ビルド用ホストでは、ビルドスクリプトが指定のリビジョンのソースコードをリポジトリからチェックアウトし、ソースコードをビルドします。ビルドが終了するとリモート実行は終了します。Mad Anglerはログの内容からビルド結果を決定し、データベースに記録します。同時に、開発チームのメーリングリストにビルド結果のレポートをメールで通知します。

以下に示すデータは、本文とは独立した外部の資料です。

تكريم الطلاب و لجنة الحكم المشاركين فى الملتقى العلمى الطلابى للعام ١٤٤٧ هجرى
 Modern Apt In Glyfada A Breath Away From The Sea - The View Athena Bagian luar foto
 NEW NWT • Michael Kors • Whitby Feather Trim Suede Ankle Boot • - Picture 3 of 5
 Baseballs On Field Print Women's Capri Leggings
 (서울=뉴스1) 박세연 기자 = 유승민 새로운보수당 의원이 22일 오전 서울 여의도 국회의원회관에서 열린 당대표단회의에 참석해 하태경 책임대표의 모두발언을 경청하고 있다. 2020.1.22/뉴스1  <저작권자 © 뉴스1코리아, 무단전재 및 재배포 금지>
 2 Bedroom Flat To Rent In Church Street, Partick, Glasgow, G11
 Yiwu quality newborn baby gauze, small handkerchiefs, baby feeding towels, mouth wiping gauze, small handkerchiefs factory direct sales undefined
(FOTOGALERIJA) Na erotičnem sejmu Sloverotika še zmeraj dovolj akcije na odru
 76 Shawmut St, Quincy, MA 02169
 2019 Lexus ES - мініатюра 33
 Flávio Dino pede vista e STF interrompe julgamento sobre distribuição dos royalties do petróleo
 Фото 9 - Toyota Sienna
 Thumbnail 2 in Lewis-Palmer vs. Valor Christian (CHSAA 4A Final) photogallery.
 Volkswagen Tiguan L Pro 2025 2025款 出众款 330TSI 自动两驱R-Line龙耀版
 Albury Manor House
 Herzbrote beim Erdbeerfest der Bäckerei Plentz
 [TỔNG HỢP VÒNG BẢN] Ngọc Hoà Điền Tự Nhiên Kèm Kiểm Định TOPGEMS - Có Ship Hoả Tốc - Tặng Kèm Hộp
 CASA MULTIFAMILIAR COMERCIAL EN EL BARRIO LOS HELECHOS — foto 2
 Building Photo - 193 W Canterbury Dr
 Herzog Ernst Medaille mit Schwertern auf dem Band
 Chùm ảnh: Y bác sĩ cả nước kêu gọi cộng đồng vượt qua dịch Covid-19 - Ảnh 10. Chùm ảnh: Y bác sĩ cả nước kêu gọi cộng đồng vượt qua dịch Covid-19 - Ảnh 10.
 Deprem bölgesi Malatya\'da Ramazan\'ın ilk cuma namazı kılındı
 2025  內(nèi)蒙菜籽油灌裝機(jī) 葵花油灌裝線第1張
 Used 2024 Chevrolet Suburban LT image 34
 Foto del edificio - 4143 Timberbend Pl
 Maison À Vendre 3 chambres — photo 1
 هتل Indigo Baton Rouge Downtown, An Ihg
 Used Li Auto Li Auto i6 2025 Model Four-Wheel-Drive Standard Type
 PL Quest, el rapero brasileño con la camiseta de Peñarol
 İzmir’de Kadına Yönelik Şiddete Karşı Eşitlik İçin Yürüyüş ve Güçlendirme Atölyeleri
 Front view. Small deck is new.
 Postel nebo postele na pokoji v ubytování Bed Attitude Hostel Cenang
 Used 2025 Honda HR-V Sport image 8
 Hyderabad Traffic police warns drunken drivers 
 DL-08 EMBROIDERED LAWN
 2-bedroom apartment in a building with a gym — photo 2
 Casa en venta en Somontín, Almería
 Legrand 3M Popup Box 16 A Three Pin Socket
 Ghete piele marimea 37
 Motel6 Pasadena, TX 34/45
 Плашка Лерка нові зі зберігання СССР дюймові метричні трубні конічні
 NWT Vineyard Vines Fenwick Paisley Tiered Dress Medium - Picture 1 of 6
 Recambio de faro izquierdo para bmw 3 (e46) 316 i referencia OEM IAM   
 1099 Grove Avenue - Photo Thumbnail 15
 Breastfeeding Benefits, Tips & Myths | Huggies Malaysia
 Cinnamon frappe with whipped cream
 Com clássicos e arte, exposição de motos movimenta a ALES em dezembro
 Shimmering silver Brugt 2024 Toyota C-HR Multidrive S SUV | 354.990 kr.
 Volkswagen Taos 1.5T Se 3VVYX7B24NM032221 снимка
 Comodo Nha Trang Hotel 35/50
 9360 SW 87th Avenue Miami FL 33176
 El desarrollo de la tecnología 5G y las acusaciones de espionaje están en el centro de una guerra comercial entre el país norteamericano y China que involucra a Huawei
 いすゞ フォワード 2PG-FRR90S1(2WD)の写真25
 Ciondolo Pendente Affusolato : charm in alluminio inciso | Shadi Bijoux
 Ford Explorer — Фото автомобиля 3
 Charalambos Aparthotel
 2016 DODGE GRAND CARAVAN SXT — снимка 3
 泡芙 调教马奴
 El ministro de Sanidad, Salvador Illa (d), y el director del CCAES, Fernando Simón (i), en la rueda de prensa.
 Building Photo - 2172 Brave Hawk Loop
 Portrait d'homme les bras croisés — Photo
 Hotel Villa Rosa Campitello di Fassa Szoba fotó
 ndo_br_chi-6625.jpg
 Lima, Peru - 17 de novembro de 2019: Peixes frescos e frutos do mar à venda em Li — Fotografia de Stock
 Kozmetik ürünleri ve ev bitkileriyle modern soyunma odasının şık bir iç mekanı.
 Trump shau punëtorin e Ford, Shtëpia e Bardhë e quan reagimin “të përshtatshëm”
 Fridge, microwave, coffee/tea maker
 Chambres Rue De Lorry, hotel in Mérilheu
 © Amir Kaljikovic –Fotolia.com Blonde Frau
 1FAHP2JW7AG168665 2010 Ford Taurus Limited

加えて、メンバーはいつでもウェブブラウザで、Mad Anglerに記録されたプロジェクトのビルド状況を確認したり、Mad Anglerのプロジェクト設定を変更することができます。
ビルドするリビジョンの決定アルゴリズム
Mad Anglerは1つのプロジェクトにつき、同時にビルドするリビジョンを1つに制限しています。通常、Mad Anglerは時系列順にリビジョンをビルドしていきますが、Mad Anglerがビルド中にさらなるコミットが複数発生した場合は、できるだけ最新のリビジョンからビルドしようとします。
「次にビルドするリビジョン」を決定するアルゴリズム★1は、次のようになります。
ビルドが終了したリビジョンが最新ではない場合
リビジョンAのビルドが終了した時点で、最新のリビジョンがAでなかった場合は、次に最新のリビジョンをビルドします。リビジョンAをビルドしている間に、新しくリビジョンがコミットされると、この状況になります。
最新のリビジョンとリビジョンAの間のリビジョンはひとまずスキップされます。スキップされたリビジョンのビルド結果は不明になります。
ビルドが終了したリビジョンが最新だった場合
リビジョンAのビルドが終了した時点で、最新のリビジョンがAであった場合、「ビルド結果が成功である最新のリビジョン」を探索します。リビジョンAから順にリビジョンをさかのぼります。注目しているリビジョンのビルド結果に従い、次のように処理を分岐します。
結果 | 処理 |
---|---|
成功 | 探索を終了します。 |
失敗 | 注目しているリビジョンを次(1つ前)に進めます。 |
不明 | 注目しているリビジョンをビルドします。 |
★1 バージョン管理システムが分散型の場合はブランチを考慮する必要があるため、このアルゴリズムでは問題があります。次にビルドするべきリビジョンをうまく決定するには、プロジェクトで使用されているバージョン管理システムのことをMad Anglerがもっと知っている必要があります。とりあえず将来のリリースでは、時系列順にすべてのリビジョンをビルドするアルゴリズムも選択できるようなる予定です。